START Recorded data
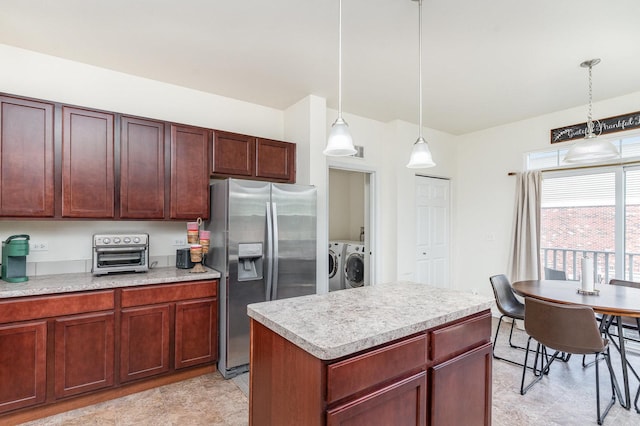 15373 Sheffield Square Pkwy, Orland Park, IL 60462 - kitchen featuring stainless steel refrigerator with ice dispenser, washing machine and dryer, light countertops, pendant lighting, and a kitchen island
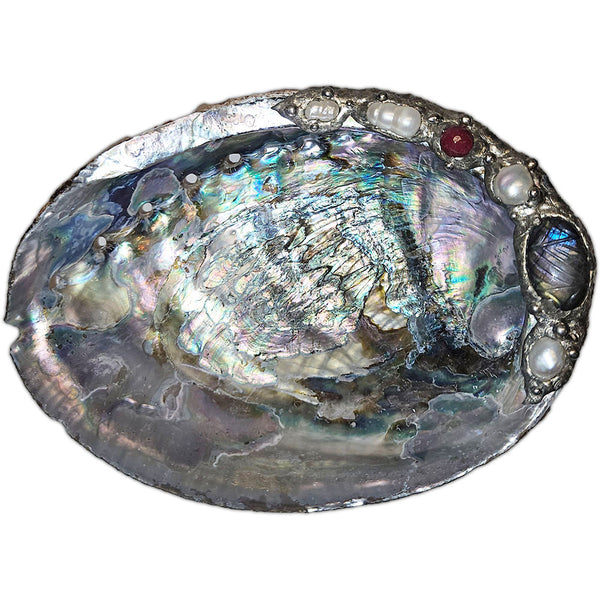Decorative abalone shell with a labradorite carved cabochon, white pearls and a ruby crystal ball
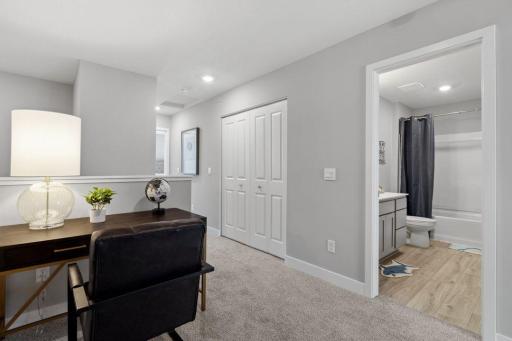 2nd floor loft right off secondary bedrooms and bathroom. Photo is of model home. Colors and options may vary. Ask Sales Agent for details.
END Recorded data
• **Problem requirements**
Return nothing except the lines from the one containing "Decorative abalone shell" through the final line of the data, copied exactly. Leave out all pictures.

• **Your solution**
Decorative abalone shell with a labradorite carved cabochon, white pearls and a ruby crystal ball
 2nd floor loft right off secondary bedrooms and bathroom. Photo is of model home. Colors and options may vary. Ask Sales Agent for details.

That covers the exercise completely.